Ben Keighran, founder and chief executive officer at bluepulse

Ben Keighran Bluepulse

When everyone was talking about the internet on mobile phones, Ben Keighran set about building it. Keighran started with hacking the software on his mobile phone while still in college, and has subsequently created a software technology for building mobile web-based applications that can work across all phones, and is the basis for phone-based social networking. Now living in the US, this year Keighran raised $US6 million from VantagePoint Venture Partners. At just 25 years of age, he was recently chosen as a finalist in BusinessWeek’s list of America’s Best Young Entrepreneurs of 2007.

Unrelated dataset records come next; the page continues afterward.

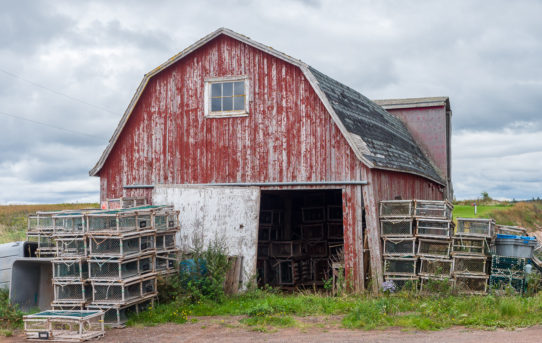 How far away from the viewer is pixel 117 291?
11.2 m

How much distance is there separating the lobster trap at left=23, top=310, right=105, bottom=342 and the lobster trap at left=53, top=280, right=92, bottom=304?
0.62 m

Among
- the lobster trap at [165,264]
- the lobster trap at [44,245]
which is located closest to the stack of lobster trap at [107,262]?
the lobster trap at [165,264]

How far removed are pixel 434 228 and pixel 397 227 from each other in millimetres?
910

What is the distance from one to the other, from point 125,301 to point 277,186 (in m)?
5.10

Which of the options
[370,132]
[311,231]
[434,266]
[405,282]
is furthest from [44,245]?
[434,266]

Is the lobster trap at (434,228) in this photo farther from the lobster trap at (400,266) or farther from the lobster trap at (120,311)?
the lobster trap at (120,311)

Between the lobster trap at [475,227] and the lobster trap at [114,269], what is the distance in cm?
758

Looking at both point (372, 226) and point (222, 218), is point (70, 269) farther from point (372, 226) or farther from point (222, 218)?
point (372, 226)

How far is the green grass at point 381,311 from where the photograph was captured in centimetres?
1028

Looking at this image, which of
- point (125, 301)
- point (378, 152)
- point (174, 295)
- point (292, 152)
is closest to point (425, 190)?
point (378, 152)

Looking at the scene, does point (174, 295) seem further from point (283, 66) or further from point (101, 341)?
point (283, 66)

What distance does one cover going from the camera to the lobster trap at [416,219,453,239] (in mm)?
13586

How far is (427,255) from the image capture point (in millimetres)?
13492

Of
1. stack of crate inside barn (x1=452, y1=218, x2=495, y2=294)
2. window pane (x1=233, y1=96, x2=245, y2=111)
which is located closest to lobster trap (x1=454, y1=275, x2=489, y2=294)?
stack of crate inside barn (x1=452, y1=218, x2=495, y2=294) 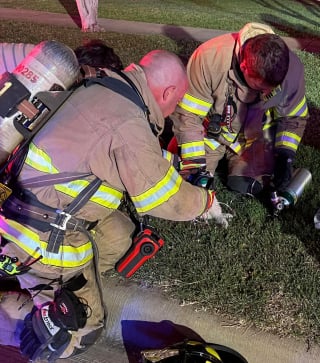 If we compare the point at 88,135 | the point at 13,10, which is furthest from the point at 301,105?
the point at 13,10

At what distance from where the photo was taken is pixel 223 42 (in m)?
3.68

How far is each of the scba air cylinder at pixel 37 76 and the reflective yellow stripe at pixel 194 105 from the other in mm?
1569

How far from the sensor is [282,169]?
12.8ft

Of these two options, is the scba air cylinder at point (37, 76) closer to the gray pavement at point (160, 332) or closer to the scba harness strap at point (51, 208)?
the scba harness strap at point (51, 208)

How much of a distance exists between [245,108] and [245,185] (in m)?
0.60

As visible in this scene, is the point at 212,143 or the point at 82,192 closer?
the point at 82,192

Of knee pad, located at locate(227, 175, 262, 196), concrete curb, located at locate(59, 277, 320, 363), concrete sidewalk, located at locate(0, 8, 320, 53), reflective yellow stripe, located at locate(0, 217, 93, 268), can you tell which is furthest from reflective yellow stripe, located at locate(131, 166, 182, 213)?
concrete sidewalk, located at locate(0, 8, 320, 53)

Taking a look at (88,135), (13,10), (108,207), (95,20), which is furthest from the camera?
(13,10)

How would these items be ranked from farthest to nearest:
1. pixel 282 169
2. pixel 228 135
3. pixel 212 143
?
pixel 212 143, pixel 228 135, pixel 282 169

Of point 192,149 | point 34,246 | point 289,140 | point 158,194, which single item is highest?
point 158,194

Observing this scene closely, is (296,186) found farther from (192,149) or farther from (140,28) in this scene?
(140,28)

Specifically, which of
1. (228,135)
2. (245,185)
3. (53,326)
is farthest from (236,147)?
(53,326)

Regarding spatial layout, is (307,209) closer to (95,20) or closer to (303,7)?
(95,20)

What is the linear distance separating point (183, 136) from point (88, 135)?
5.42 feet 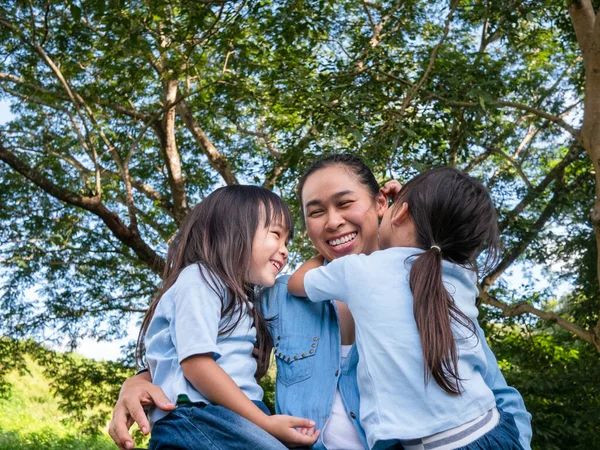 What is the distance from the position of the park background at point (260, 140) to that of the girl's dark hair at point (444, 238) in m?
3.56

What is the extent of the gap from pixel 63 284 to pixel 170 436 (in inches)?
306

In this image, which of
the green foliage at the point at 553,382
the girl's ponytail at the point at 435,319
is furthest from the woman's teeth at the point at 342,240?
the green foliage at the point at 553,382

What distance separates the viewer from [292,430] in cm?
167

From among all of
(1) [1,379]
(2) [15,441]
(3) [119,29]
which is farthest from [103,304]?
(3) [119,29]

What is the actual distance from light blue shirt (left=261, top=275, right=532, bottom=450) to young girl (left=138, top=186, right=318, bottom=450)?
0.05 m

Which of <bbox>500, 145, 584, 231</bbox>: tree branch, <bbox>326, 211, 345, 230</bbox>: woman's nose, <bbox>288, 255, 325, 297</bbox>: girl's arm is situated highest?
<bbox>500, 145, 584, 231</bbox>: tree branch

Gary Munitz, founder and general manager at Menulog

As a younger man, Gary Munitz worked in restaurants as a waiter and manager. Now he runs a web-based booking service that takes services close to 30,000 restaurants in nine countries. Munitz came to Australia from South Africa at the age of 21 and almost immediately started his first internet company, which is the powerhouse behind Menulog. Munitz says the restaurant industry has been slow to adopt the web, but consumers are more comfortable with it, creating a niche for him to exploit, and the business is now expanding rapidly internationally.

Liesl Capper and John Zakos, co-founders at MyCyberTwin

Liesl Capper MyCyberTwin

Liesl Capper (pictured) and John Zakos founded MyCyberTwin with a vision to create an artificial intelligence software application that can exist on social networks, within websites or inside virtual worlds such as Second Life. A CyberTwin can be trained to respond in a similar way to how you might respond in person, or be trained by a company to be its virtual representative in cyberspace. MyCyberTwin has received more than 26 million hits, with businesses making up 3% of users. Both Capper and Zakos were heavily involved in web advertising company Mooter Media, which raised $8 million through an IPO on the ASX in late 2005.

Clay Cook, founder at Minti and Vibe Capital

A true Web 2.0 entrepreneur, US-based Australian Clay Cook has already founded a fistful of web companies, including the parenting information site Minti and the renovation site Refurber, and has been recognised as a contributor to some of Australia’s fastest growing technology companies. He is also the chairman and chief executive officer of the investment group Vibe Capital, and has acted as an angel investor in web businesses including Omnidrive, mig33 and Tangler.